Undoubtedly Flash put the web to another level. With Flash there was finally the ability to create content with user experience not dictated by a markup language (HTML) but freeform, whatever the user liked, whatever the best usability was, whatever the IA / designer / programmer thought was best. This made the web big, this made Flash big.
However, times have changed. Flash is no longer the only technology to achieve all this. HTML5 can do some of it, JavaScript can do some of it, other proprietary platform like the iPhone and iPad can do some of it.
We all agree that Apple keeping back a hole bunch of cool content from the users by not putting Flash on their devices. On one hand they are doing it for “evil” business interests. They want to push their own gaming platform and don’t want all online Flash games on the web to be playable on their device. On the other hand they have good reasons: The iPhone was not powerful enough to render and display demanding Flash content.
With the iPad however the performance argument is obsolete. The hardware can “do” Flash. So why didn’t they put Flash on the device? Ok, there is still the business reason. The other thing is – I’m afraid – the demand from the users for Flash was simply not there. The majority of users feel perfectly comfortable in the App / HTML5 environment. Except from not playing videos on major news sites, the only experience from missing Flash was that there are no annoying banners.
For me it’s a bad sign that Adobe uses mostly videos and games content as an argument for Apple to put Fash on the iPad. For these two issues Flash is not necessarily the best solution, although it is currently industry standard.
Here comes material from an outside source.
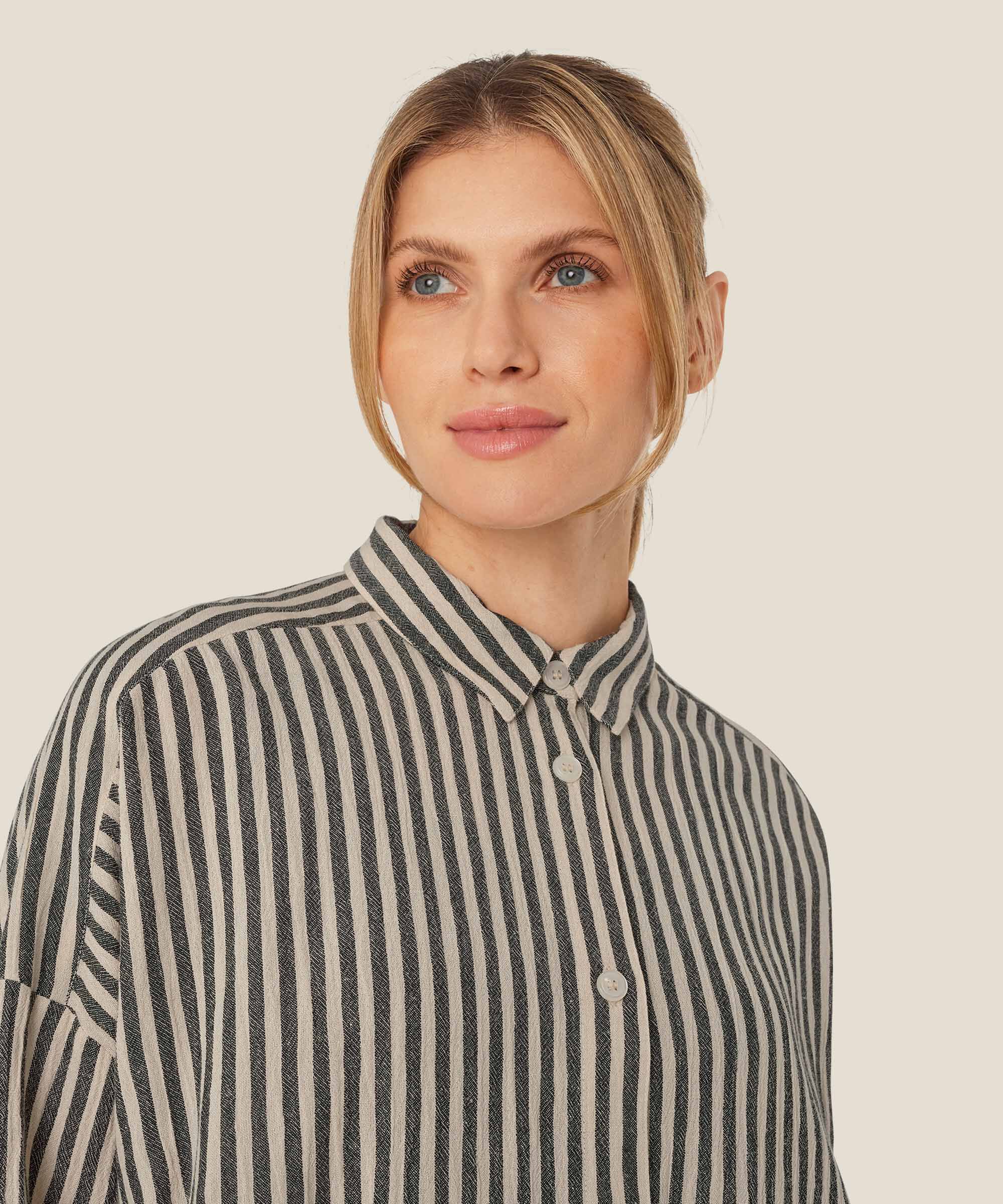 Ilze Skjorte, Black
Why doesn’t Adobe argues with all the cool micro sites / agency sites / data visualization sites / multimedia sites?
Because they don’t find this content relevant enough. They concentrate on the blockbusters (video and games). And then, why should Apple find this content relative enough?
I don’t want to “rant” Flash (again). It’s not closed against open source. All I’m saying is that Adobe set a proprietary industry standard with Flash (perfectly described by Ryan here) and now Apple (tries to) set a new proprietary industry standard with their platform. Which might end up to be not the worst thing.
Not that big of a deal.
PS: Point taken on the general critic on closed platforms.